You are a commonsense knowledge annotator. Given a concrete noun, list its most distinctive physical or sensory properties — things you could see, touch, hear, smell, or taste. Also list behavioral properties for animals.

Rules:
- Only physical/sensory/behavioral properties, not abstract qualities
- Properties should DISTINGUISH this thing from similar things in its category
- Output one property per line as: PROPERTY | brief explanation
- Aim for 5-8 properties

User prompt:

Word: {word}
Category: {categories}
Other words in same category: {same_category_sample}

What properties distinguish {word} from the others listed?

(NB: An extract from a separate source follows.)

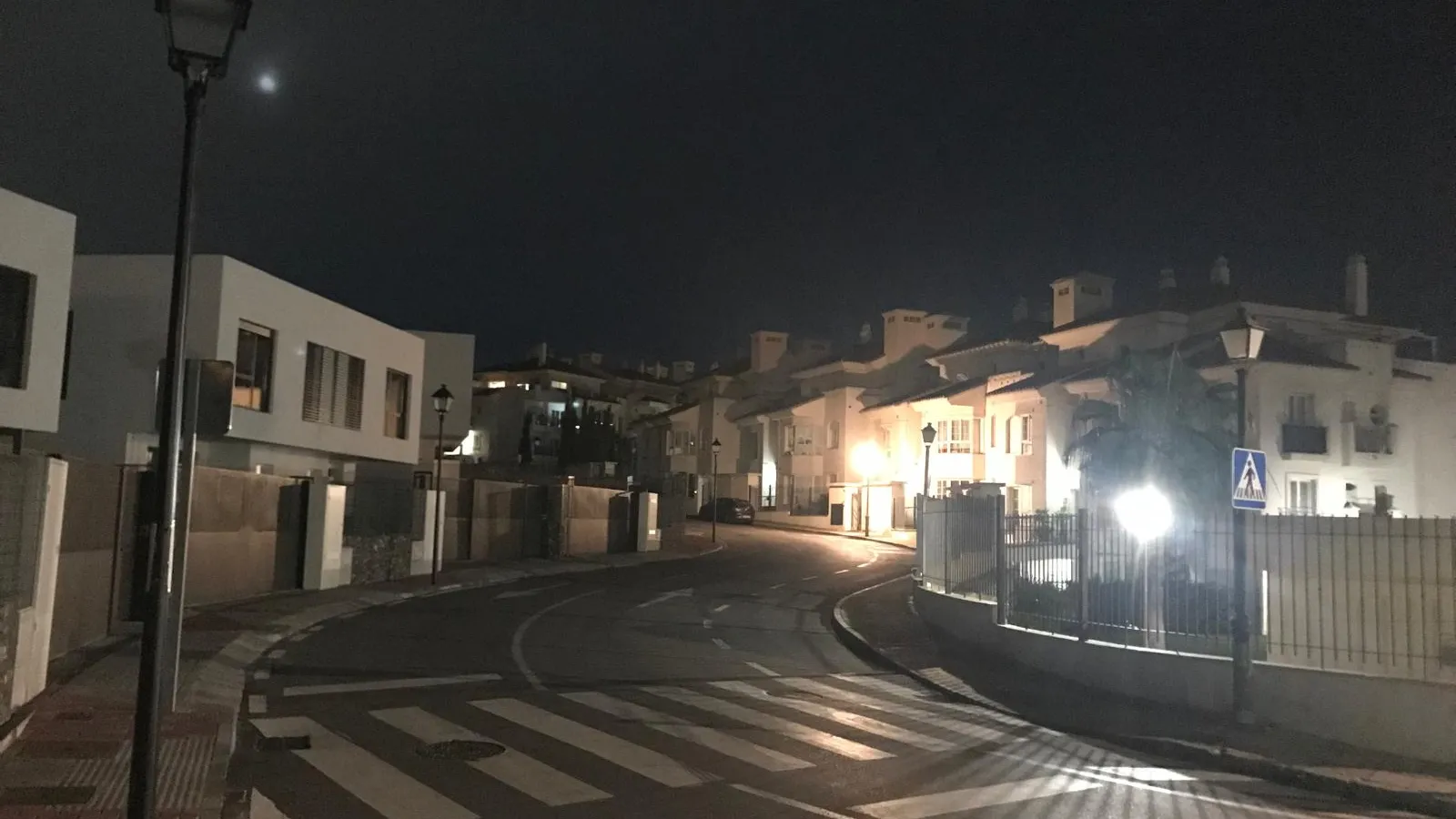 Vecinos denuncian la falta de luz en varios puntos de la urbanización Riviera, en Mijas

Including same-category peers in the prompt encourages the LLM to generate differentiating properties rather than generic ones. "Has legs" is useless for a horse because every animal has legs. "Has a mane" differentiates it.

Output Format

fast | horses are known for running fast
tall | horses are tall compared to most farm animals
mane | horses have a distinctive mane
shod | horses wear horseshoes

These get stored as HasProperty edges in the augmented relations file.

Output Files

folksy_relations_augmented.csv

Same schema as folksy_relations.csv with additional columns:

start_word, end_word, relation, weight, surface_text, source
corn, chicken, UsedFor, 1.0, "Corn is used for feeding chickens", conceptnet
dog, porch, AtLocation, 0.8, "you find a dog on a porch", llm_augmented
horse, mane, HasA, 0.8, "a horse has a mane", llm_augmented

The source column allows filtering: source=conceptnet for pure ConceptNet, source=llm_augmented for LLM additions, or both for the full enhanced graph.

candidate_additions.csv

Words that appeared in LLM output but aren't in the current folksy vocab:

word, suggested_by, relation_context, frequency
mane, horse, "HasA: a horse has a mane", 2
bridle, horse, "HasA: a horse has a bridle", 1

The frequency column counts how many different source words suggested this target. High-frequency candidates are strong additions to the folksy vocab. Review manually or with a threshold (e.g., suggested by 3+ different words → auto-add).

enhancement_log.csv

Track what was processed and what the LLM produced:

source_word, timestamp, edges_generated, edges_accepted, edges_duplicate, edges_oov
dog, 2025-02-15T10:30:00, 24, 18, 3, 3
horse, 2025-02-15T10:30:45, 31, 22, 5, 4

Execution Plan

Batch Processing

534 words × ~1 second per LLM call = ~9 minutes for Phase 1. Very manageable.

import csv
import time

def process_all_words(vocab_path, relations_path, output_path):
    vocab = load_vocab(vocab_path)
    relations = load_relations(relations_path)
    all_new_edges = []
    
    for i, word_entry in enumerate(vocab):
        word = word_entry['word']
        categories = word_entry['categories']
        existing = get_edges_for_word(relations, word)
        
        messages = build_expansion_prompt(word, categories, existing)
        response = llm_chat_completion(messages)
        response_text = response['choices'][0]['message']['content']
        
        new_edges = parse_llm_relations(response_text, word)
        new_edges = deduplicate(new_edges, existing)
        all_new_edges.extend(new_edges)
        
        if (i + 1) % 50 == 0:
            print(f"Processed {i+1}/{len(vocab)} words, {len(all_new_edges)} new edges so far")
        
        time.sleep(0.1)  # gentle rate limiting
    
    save_augmented_relations(all_new_edges, output_path)

Resumability

Write a checkpoint file after each word so the process can resume if interrupted. The enhancement_log.csv serves this purpose — skip any word that already has an entry.

Validation Pass

After all LLM edges are generated, run a quick validation:

1. No self-loops (start_word == end_word)
2. All relation types are in the valid set
3. No duplicate (start, end, relation) triples
4. Distribution check: flag any word that got 0 new edges (LLM may have failed to parse)
5. Spot-check 20 random LLM edges manually for sanity

Integration with Generator

The generator's data loading should be updated to:

1. Load folksy_relations.csv (original ConceptNet edges)
2. If folksy_relations_augmented.csv exists, load and merge it
3. CLI flag: --pure-conceptnet to disable LLM-augmented edges
4. CLI flag: --llm-weight-boost 0.2 to adjust LLM edge weights at runtime (default 0, meaning they keep their 0.8 weight)

This keeps the original ConceptNet data pristine and the augmentation fully reversible.